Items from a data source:
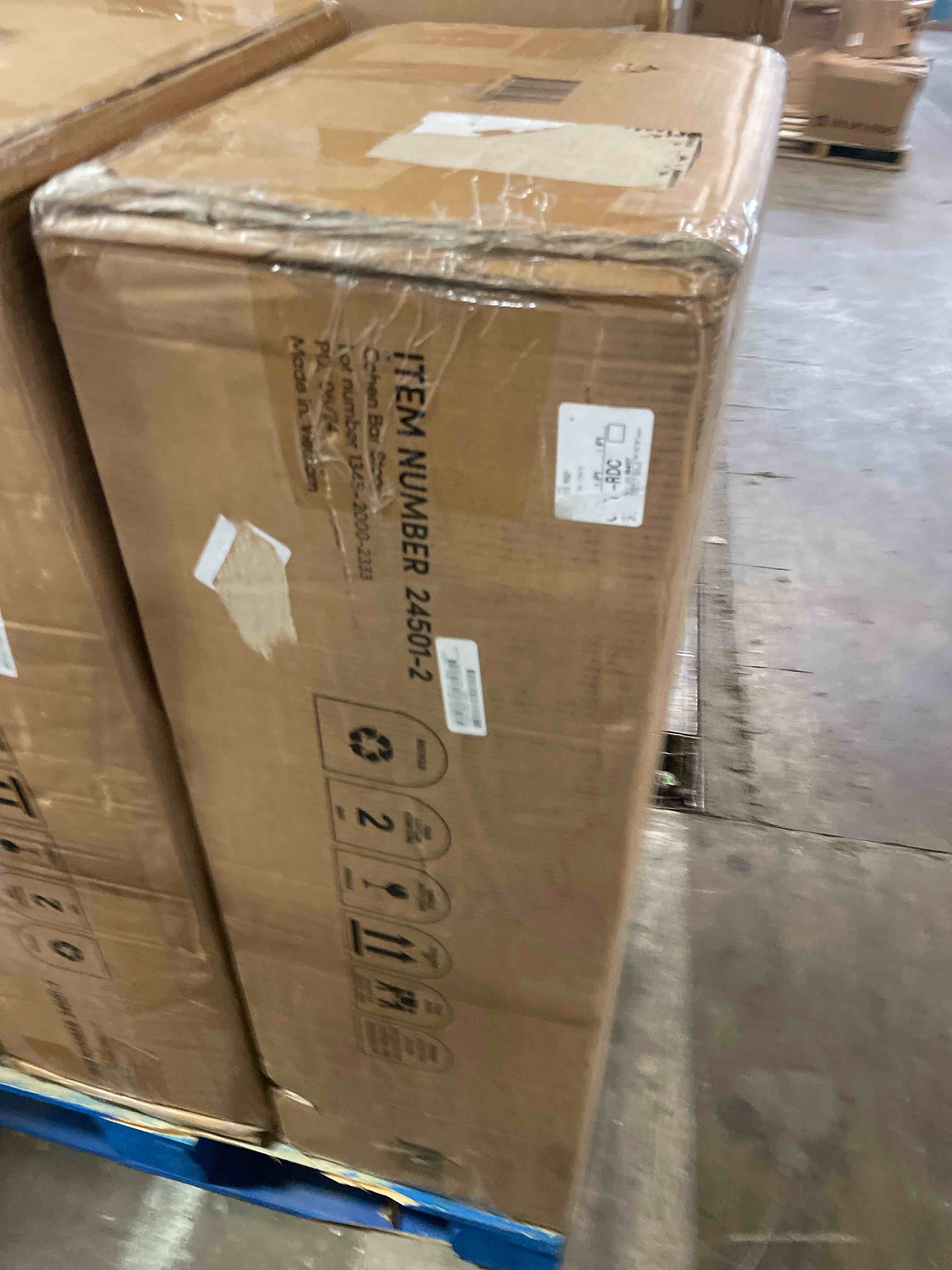 https://s3.amazonaws.com/lotting-images-prod/phillipi/GRA0379860_1732553121381.jpeg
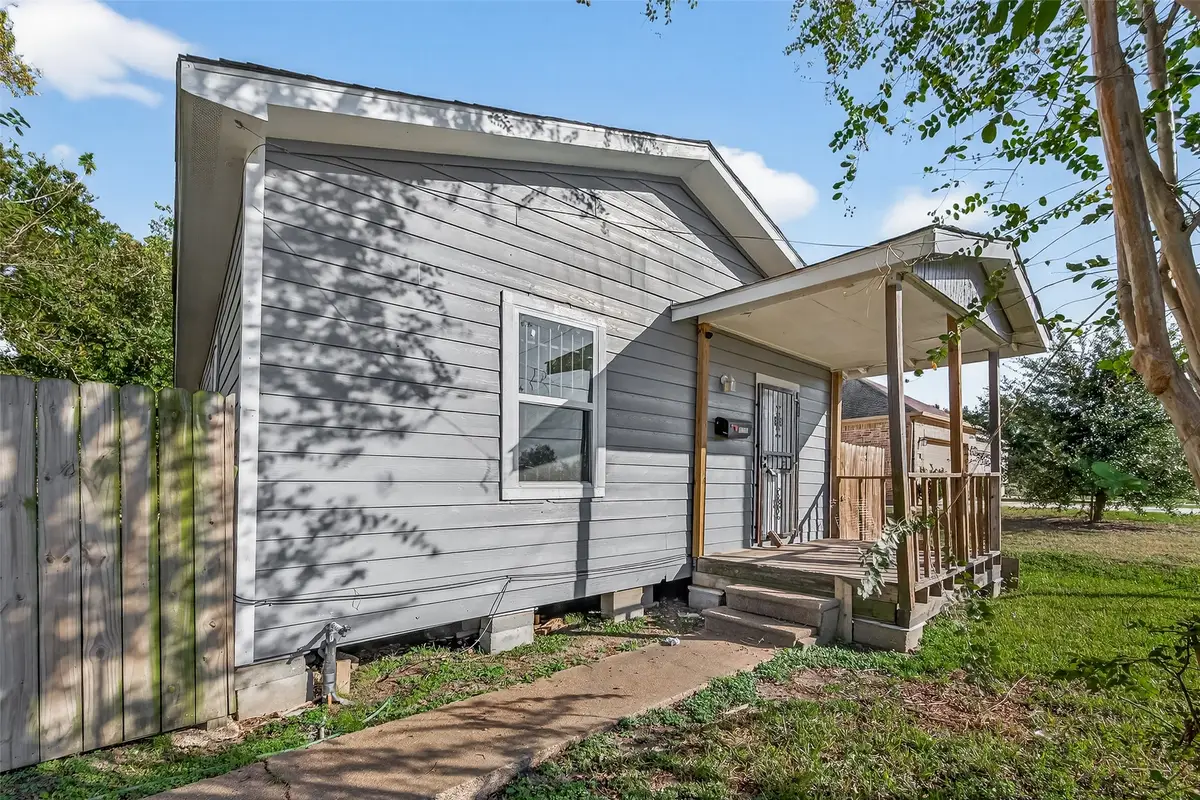 8211 Parnell Street, Houston, TX 77051 - Image #1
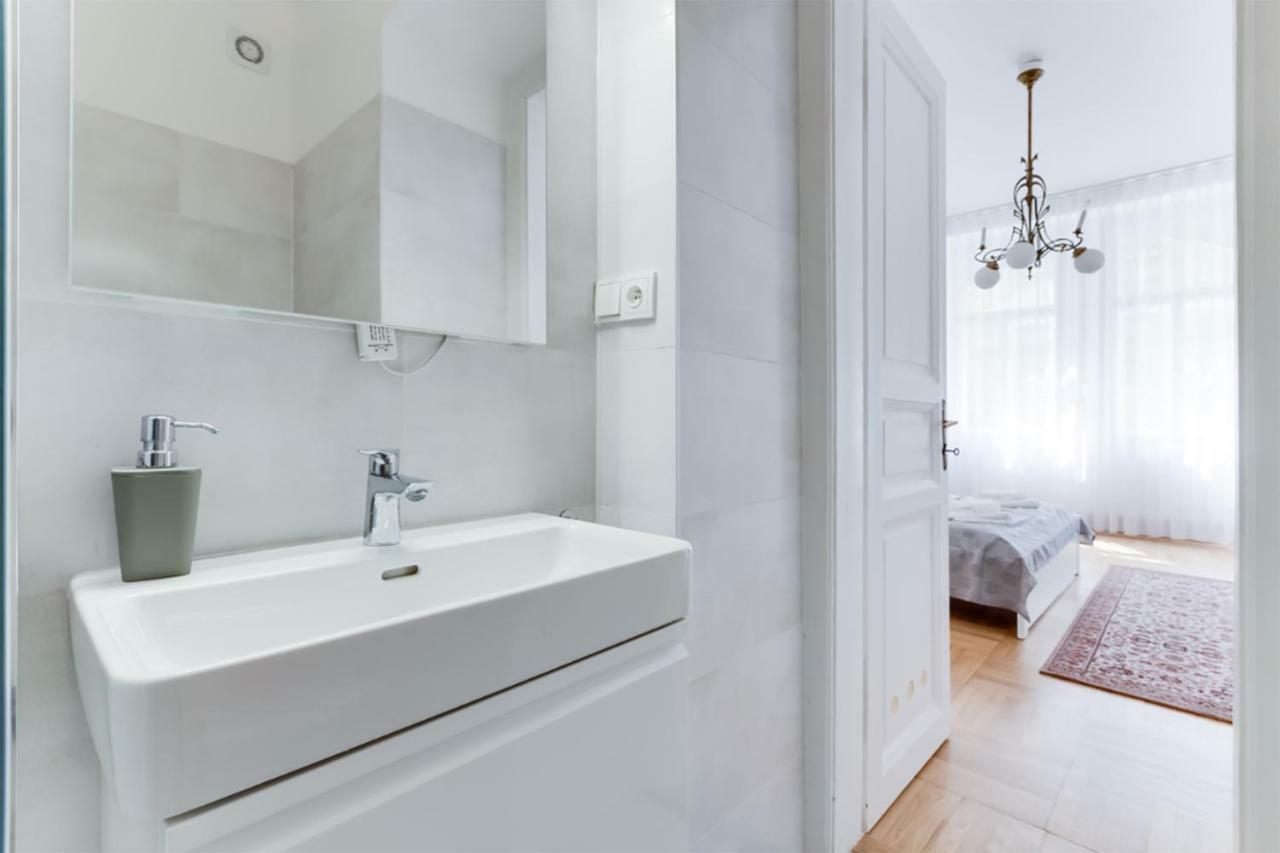 The Dancing House Residence, Two Bedroom Apartment With Balcony Near River! Prague Extérieur photo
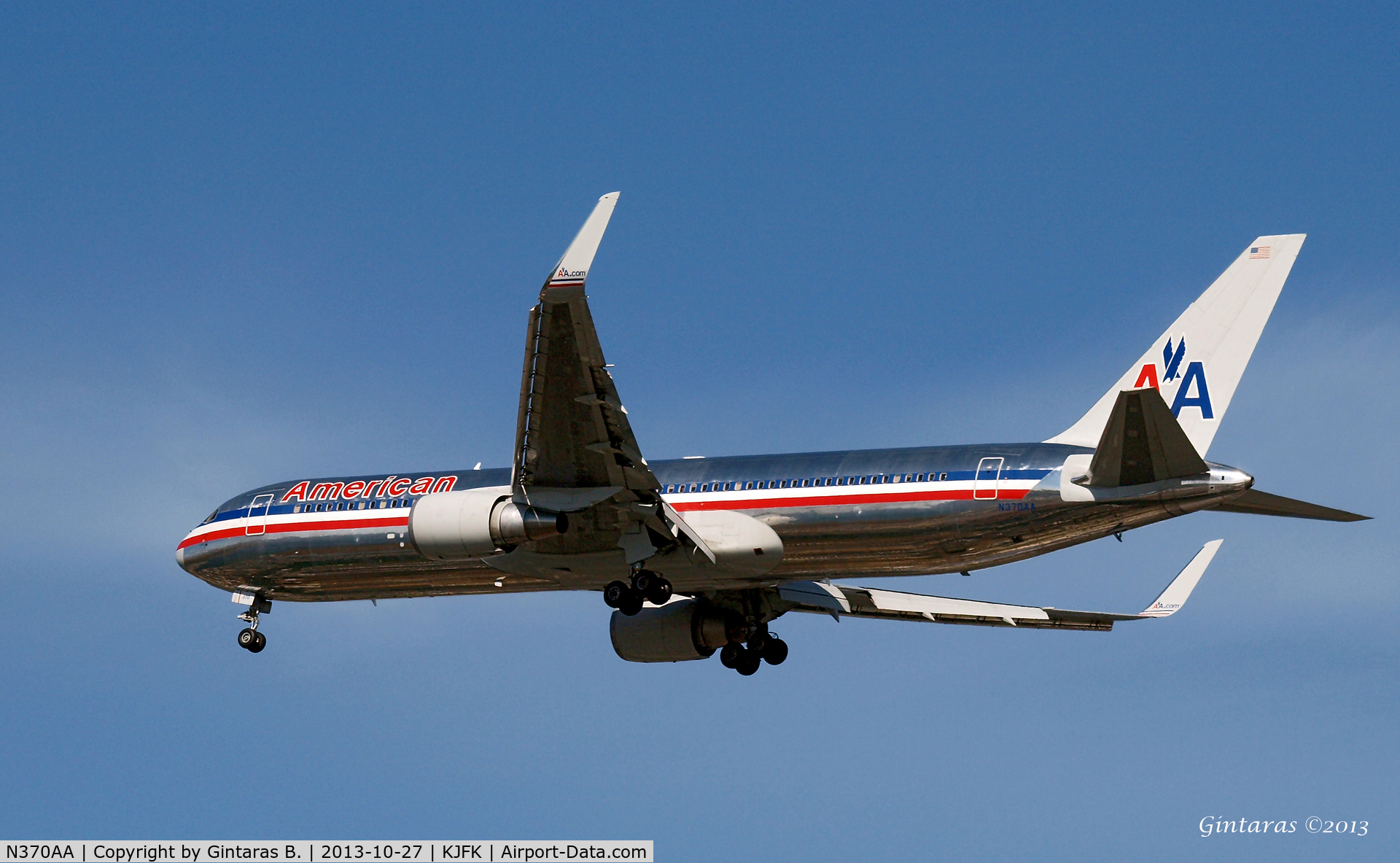 N370AA, 1992 Boeing 767-323 C/N 25197, Going to a landing on 31R @ JFK
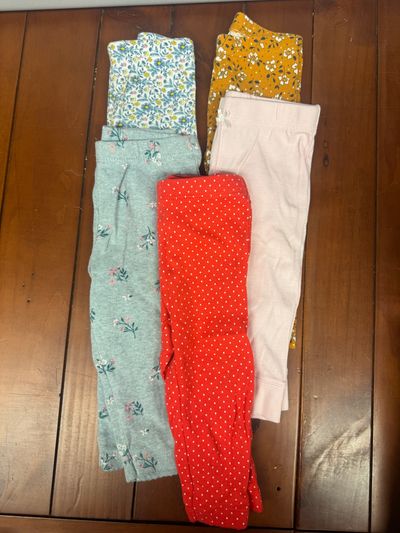 5 Pairs of Carters girls leggings size 9 months 5 Pairs of Carters girls leggings size 9 months. 9 Months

=== Brief ===
Once the pictures are set aside, write out each record exactly.

=== Exercise answer ===
 https://s3.amazonaws.com/lotting-images-prod/phillipi/GRA0379860_1732553121381.jpeg
 8211 Parnell Street, Houston, TX 77051 - Image #1
 The Dancing House Residence, Two Bedroom Apartment With Balcony Near River! Prague Extérieur photo
 N370AA, 1992 Boeing 767-323 C/N 25197, Going to a landing on 31R @ JFK
 5 Pairs of Carters girls leggings size 9 months 5 Pairs of Carters girls leggings size 9 months. 9 Months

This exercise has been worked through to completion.